To do:
Only the lines from the one containing "Original Oxidised Snake" to the end of the data are wanted; print them exactly as they appear.
BEGIN Input data
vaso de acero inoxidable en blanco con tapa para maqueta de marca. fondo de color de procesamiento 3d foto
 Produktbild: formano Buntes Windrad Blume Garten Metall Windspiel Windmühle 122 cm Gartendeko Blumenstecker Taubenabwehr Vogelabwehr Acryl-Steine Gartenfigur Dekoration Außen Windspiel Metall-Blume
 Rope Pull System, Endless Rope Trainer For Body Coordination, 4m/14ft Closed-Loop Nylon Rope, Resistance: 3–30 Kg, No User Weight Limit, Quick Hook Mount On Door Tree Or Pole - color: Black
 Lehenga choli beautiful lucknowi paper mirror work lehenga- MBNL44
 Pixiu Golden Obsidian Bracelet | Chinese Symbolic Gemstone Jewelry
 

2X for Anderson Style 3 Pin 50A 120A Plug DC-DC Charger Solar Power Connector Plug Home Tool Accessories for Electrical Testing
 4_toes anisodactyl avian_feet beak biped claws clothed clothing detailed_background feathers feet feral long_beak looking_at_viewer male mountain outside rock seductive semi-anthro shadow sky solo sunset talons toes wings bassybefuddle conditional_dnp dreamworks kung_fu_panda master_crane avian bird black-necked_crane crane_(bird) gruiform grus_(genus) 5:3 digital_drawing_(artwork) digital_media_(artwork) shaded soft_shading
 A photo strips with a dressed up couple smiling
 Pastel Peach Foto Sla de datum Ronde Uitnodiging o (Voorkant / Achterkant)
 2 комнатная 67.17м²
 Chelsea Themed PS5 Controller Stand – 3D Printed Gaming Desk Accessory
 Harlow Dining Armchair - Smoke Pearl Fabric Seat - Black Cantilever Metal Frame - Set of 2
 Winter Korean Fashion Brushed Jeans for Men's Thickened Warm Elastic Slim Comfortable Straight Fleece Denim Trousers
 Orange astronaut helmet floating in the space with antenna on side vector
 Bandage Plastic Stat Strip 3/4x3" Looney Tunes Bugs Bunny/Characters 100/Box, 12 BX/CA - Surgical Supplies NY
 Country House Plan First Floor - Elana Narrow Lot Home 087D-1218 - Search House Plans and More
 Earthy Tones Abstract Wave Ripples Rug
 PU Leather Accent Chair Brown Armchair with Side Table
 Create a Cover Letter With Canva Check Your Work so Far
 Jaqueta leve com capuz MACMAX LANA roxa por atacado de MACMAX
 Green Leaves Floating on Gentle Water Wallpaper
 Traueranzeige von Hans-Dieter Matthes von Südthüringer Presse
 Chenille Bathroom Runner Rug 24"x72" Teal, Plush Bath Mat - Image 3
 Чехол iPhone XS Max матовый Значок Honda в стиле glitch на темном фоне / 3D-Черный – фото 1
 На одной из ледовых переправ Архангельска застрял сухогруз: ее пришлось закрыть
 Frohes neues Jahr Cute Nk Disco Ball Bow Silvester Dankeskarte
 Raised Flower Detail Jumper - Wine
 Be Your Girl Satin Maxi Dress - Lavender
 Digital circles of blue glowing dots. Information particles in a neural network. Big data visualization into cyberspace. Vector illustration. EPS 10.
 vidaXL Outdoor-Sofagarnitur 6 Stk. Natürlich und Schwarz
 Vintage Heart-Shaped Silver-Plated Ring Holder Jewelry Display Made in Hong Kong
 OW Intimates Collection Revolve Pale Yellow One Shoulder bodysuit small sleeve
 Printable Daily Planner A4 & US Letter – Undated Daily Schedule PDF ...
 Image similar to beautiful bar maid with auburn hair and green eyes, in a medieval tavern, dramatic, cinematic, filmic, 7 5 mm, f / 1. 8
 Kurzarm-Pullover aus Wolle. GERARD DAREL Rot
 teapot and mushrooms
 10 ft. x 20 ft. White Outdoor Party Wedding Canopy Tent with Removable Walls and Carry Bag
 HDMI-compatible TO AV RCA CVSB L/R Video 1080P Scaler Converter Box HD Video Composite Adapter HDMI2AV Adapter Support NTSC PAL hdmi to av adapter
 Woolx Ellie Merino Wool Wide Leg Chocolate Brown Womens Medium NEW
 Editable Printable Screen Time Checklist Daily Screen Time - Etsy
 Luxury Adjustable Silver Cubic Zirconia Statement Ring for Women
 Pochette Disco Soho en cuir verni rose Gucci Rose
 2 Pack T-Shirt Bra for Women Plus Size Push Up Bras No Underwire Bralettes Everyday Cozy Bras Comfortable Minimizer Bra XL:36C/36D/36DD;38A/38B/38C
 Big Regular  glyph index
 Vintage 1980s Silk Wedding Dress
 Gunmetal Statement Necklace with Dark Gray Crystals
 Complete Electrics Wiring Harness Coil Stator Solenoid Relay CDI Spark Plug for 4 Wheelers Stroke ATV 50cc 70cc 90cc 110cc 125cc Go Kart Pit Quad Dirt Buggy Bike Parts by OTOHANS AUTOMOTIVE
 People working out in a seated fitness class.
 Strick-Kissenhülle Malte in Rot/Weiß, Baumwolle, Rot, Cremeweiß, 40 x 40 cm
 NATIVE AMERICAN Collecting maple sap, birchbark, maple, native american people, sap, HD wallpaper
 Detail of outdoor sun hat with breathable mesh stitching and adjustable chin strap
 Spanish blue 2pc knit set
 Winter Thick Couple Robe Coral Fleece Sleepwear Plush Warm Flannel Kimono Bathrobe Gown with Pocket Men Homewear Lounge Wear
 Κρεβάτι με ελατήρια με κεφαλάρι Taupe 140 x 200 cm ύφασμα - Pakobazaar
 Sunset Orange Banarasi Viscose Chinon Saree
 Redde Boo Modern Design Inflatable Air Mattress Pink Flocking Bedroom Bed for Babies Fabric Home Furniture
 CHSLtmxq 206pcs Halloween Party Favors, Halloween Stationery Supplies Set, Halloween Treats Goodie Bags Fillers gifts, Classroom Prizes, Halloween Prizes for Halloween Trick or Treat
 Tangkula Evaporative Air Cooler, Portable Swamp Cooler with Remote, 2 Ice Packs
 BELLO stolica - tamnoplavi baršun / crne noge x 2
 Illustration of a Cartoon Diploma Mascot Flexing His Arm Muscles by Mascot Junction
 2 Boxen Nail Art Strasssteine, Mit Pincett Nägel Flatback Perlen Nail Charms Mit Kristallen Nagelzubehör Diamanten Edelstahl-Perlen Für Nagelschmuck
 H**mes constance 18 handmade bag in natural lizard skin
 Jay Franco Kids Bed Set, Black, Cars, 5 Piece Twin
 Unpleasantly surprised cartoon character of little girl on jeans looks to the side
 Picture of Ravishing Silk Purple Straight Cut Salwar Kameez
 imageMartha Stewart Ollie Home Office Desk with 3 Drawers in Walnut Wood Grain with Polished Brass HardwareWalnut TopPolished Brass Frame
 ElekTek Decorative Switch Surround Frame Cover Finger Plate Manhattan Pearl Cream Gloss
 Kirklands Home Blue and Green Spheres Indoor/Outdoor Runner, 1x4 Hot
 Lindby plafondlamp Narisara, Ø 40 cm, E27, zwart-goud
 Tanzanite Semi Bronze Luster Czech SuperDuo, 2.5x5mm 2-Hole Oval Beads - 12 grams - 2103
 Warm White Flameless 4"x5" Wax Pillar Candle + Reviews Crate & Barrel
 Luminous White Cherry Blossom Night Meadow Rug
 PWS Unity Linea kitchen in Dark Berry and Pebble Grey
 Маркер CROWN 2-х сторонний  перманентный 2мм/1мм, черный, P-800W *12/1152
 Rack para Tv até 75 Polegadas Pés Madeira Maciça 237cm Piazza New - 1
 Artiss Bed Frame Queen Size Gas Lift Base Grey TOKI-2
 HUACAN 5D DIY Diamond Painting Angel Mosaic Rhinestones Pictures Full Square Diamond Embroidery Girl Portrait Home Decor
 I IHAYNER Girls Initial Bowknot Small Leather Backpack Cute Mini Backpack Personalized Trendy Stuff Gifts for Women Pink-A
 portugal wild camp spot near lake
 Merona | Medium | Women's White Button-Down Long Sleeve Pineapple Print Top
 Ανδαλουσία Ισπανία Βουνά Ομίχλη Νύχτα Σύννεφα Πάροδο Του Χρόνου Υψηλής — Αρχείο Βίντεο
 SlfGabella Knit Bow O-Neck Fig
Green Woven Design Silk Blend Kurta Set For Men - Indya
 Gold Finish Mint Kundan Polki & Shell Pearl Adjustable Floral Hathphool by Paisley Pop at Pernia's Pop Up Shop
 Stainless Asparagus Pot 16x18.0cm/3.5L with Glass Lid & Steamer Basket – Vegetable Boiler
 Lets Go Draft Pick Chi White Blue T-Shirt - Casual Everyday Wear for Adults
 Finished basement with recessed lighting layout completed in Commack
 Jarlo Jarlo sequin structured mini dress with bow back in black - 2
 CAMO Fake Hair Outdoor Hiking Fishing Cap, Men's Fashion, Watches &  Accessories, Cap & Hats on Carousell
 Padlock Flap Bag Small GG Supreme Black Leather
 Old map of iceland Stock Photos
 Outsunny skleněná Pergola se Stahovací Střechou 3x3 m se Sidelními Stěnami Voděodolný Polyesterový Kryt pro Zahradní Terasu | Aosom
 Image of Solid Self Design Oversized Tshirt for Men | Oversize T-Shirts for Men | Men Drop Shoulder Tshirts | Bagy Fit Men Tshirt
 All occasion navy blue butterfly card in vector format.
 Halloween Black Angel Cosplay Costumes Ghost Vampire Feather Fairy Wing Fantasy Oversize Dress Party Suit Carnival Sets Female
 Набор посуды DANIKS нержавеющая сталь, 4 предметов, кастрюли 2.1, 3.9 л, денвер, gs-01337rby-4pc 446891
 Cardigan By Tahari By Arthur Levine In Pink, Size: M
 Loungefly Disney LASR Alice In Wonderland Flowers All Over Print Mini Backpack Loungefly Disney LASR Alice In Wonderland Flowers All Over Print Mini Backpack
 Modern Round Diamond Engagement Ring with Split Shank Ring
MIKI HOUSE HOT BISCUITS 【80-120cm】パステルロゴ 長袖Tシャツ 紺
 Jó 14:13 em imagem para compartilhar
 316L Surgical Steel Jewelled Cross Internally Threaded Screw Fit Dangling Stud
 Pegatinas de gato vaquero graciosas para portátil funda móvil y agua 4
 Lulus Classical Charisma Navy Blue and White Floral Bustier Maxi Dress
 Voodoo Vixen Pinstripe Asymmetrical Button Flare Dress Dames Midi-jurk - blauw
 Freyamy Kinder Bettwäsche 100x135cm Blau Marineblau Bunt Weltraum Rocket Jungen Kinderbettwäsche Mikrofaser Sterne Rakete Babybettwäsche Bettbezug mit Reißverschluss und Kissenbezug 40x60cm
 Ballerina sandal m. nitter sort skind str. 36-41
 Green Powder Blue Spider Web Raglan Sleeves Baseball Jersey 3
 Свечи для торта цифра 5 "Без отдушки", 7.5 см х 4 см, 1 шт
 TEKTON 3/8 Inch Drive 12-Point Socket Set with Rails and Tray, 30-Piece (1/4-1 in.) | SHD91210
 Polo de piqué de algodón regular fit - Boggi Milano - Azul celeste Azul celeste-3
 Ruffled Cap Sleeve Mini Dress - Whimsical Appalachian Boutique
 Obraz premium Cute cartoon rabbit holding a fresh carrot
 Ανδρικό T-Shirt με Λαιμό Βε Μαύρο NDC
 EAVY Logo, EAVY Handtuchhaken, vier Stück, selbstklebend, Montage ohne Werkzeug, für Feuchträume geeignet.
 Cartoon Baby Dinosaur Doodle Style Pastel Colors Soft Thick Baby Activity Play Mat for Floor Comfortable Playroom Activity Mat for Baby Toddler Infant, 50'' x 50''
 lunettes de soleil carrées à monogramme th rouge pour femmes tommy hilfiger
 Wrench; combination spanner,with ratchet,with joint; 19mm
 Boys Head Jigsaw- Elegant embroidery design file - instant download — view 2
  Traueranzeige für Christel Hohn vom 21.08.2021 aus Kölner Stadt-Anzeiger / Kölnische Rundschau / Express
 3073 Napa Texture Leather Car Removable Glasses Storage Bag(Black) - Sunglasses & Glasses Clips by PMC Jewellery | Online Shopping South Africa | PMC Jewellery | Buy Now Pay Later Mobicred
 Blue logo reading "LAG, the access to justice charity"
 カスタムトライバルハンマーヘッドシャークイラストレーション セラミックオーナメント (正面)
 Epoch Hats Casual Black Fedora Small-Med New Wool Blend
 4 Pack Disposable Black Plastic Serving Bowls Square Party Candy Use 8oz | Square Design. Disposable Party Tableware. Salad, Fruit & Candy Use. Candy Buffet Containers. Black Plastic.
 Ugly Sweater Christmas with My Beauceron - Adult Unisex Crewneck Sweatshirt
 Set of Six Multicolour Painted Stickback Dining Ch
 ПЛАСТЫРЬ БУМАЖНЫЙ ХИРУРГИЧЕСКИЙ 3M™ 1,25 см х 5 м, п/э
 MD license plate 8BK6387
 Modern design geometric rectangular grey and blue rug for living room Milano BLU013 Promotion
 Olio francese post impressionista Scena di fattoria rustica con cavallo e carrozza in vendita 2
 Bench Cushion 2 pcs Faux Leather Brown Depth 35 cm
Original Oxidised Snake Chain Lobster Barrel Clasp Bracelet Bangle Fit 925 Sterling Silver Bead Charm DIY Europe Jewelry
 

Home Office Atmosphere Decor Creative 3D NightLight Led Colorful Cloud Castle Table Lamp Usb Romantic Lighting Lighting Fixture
END Input data
Solution below:
Original Oxidised Snake Chain Lobster Barrel Clasp Bracelet Bangle Fit 925 Sterling Silver Bead Charm DIY Europe Jewelry
 

Home Office Atmosphere Decor Creative 3D NightLight Led Colorful Cloud Castle Table Lamp Usb Romantic Lighting Lighting Fixture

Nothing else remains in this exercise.